- DATASET EXTRACT -
================
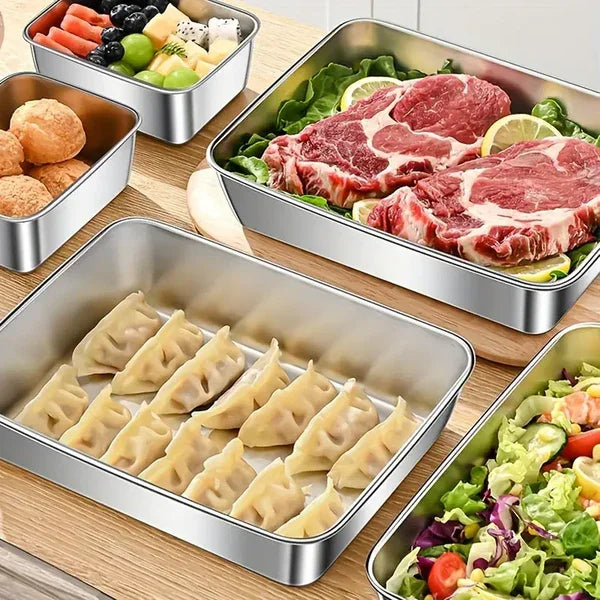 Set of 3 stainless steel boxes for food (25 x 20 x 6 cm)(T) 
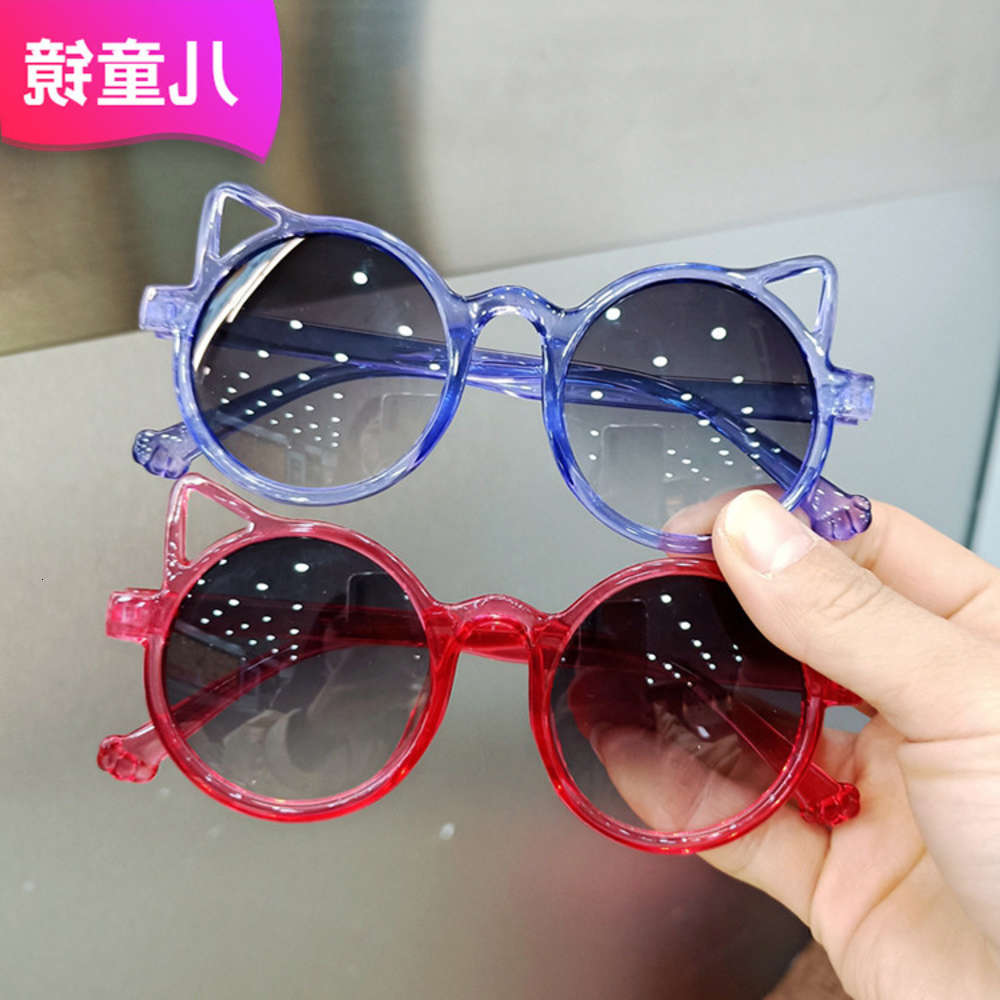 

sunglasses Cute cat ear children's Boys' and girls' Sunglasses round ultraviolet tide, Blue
================
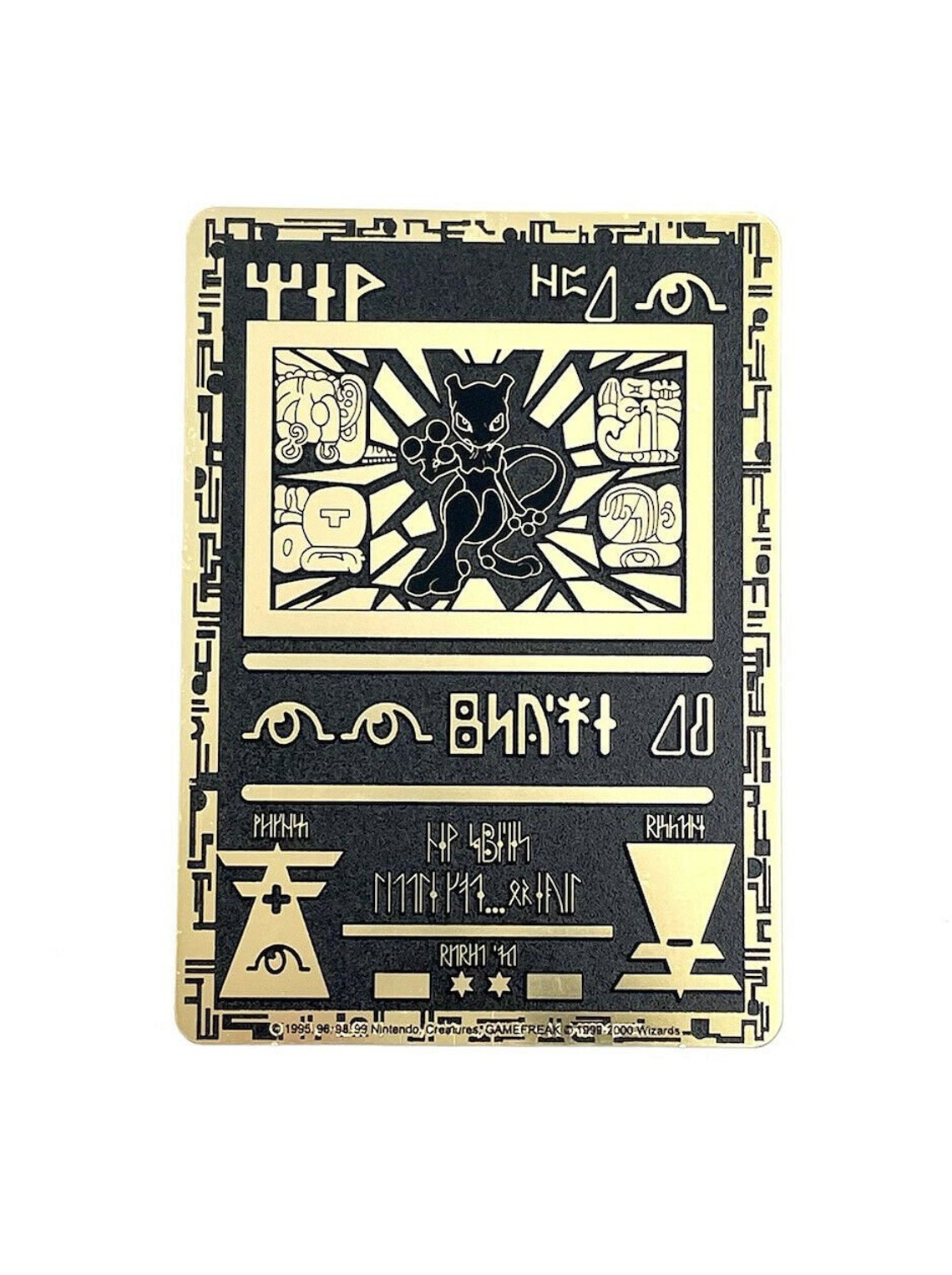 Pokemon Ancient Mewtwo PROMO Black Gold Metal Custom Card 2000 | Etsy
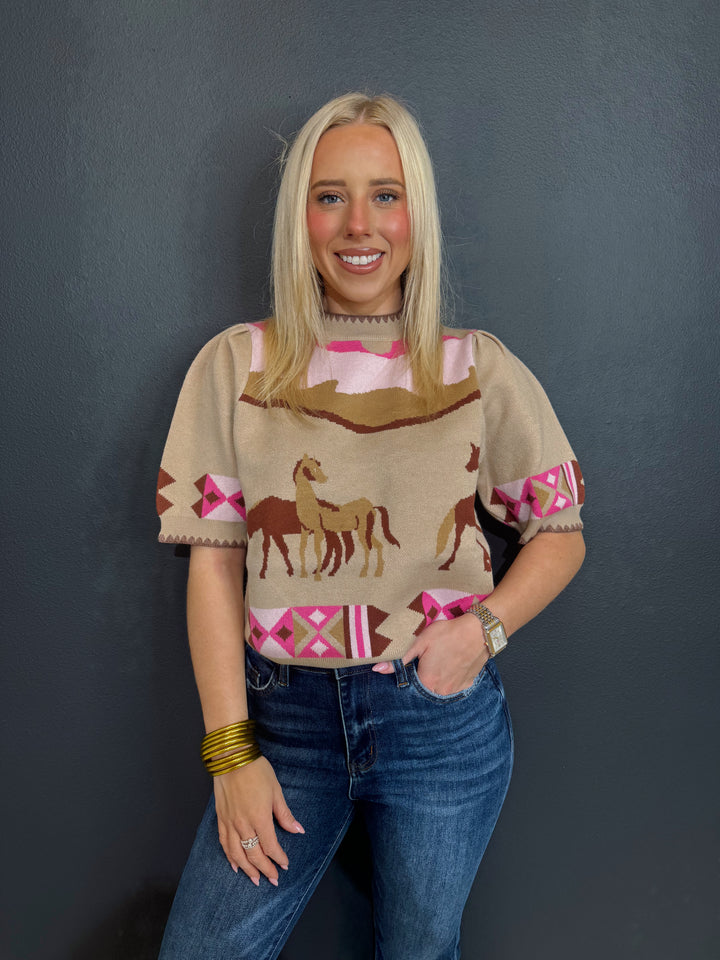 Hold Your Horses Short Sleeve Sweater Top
================
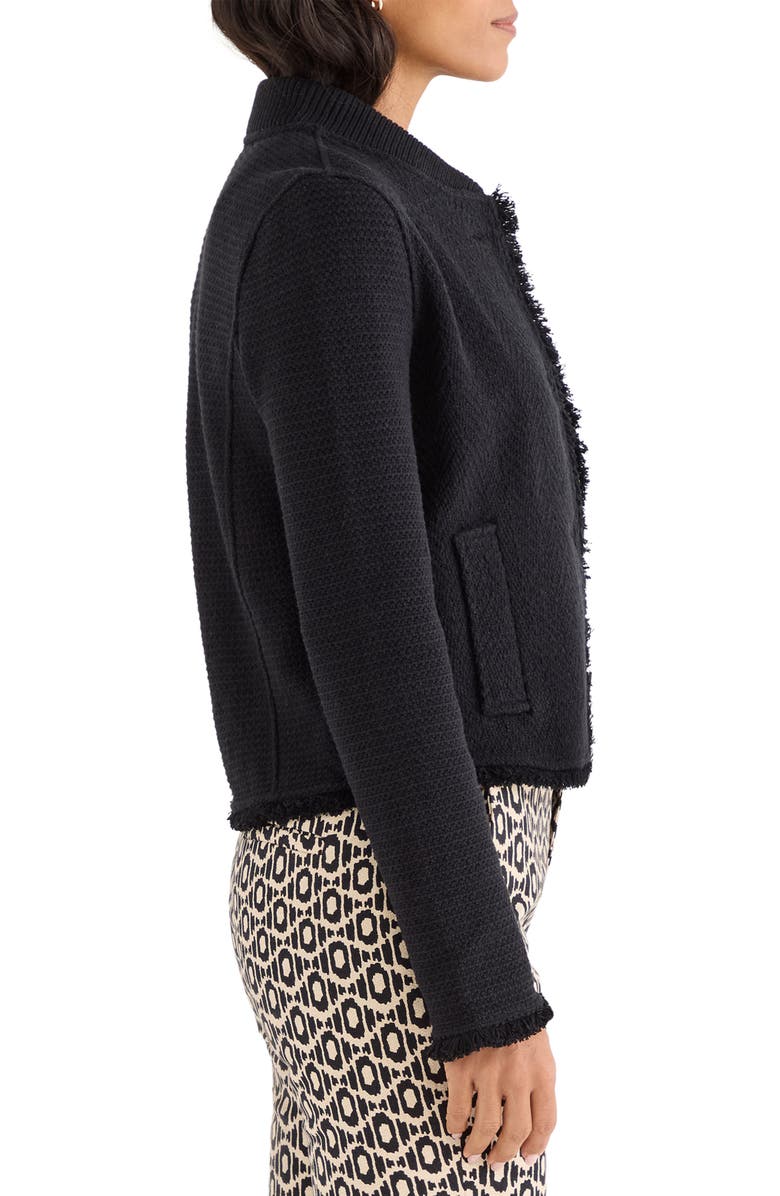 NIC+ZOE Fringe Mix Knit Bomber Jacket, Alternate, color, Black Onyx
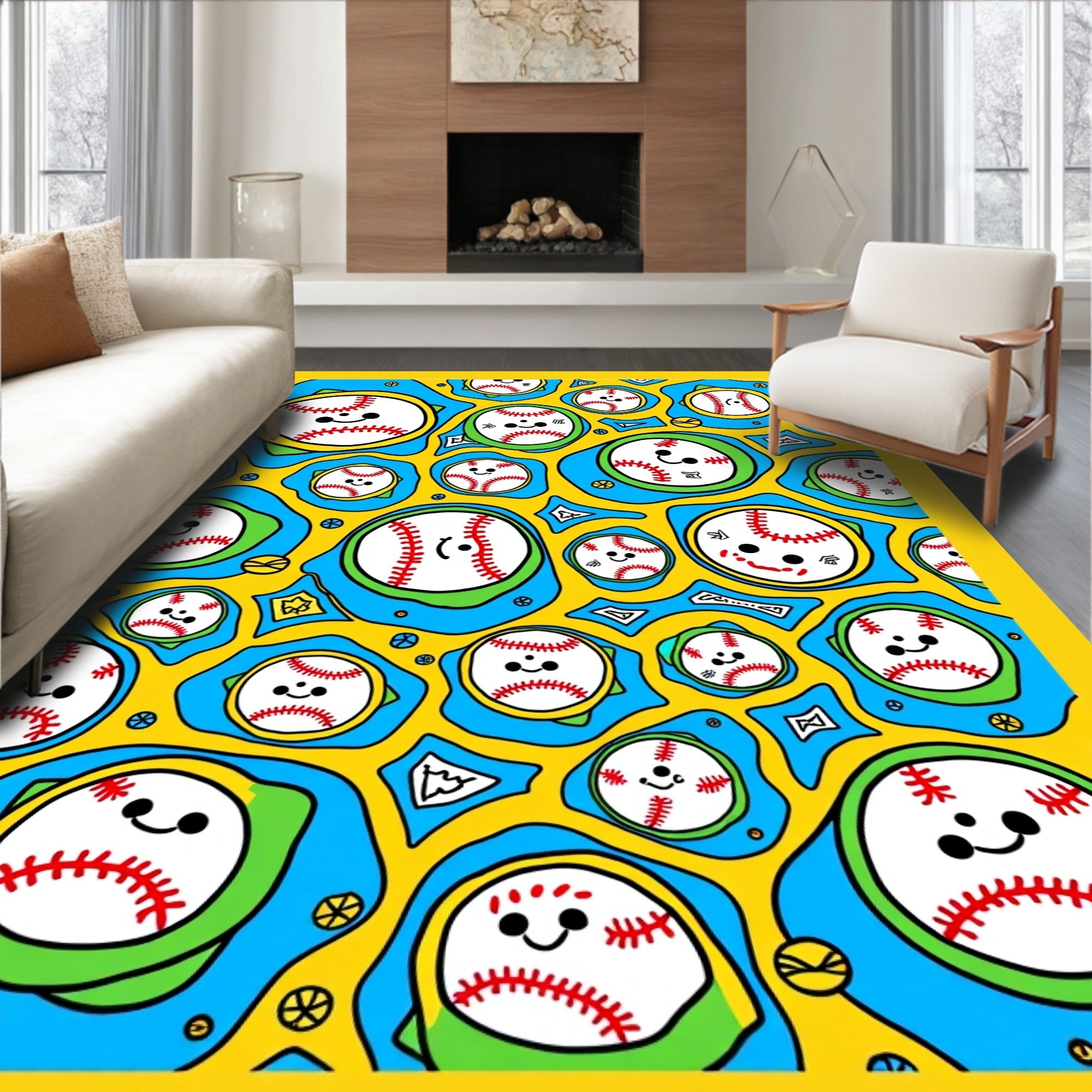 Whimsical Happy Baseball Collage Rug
================
- EXERCISE OBJECTIVE -
Could you repeat, exactly, only the lines above starting at the one that has "Set of 3 stainless" and stopping after the one that has "sunglasses Cute cat", without the pictures?

- SOLUTION FOR THIS EXERCISE -
 Set of 3 stainless steel boxes for food (25 x 20 x 6 cm)(T) 

sunglasses Cute cat ear children's Boys' and girls' Sunglasses round ultraviolet tide, Blue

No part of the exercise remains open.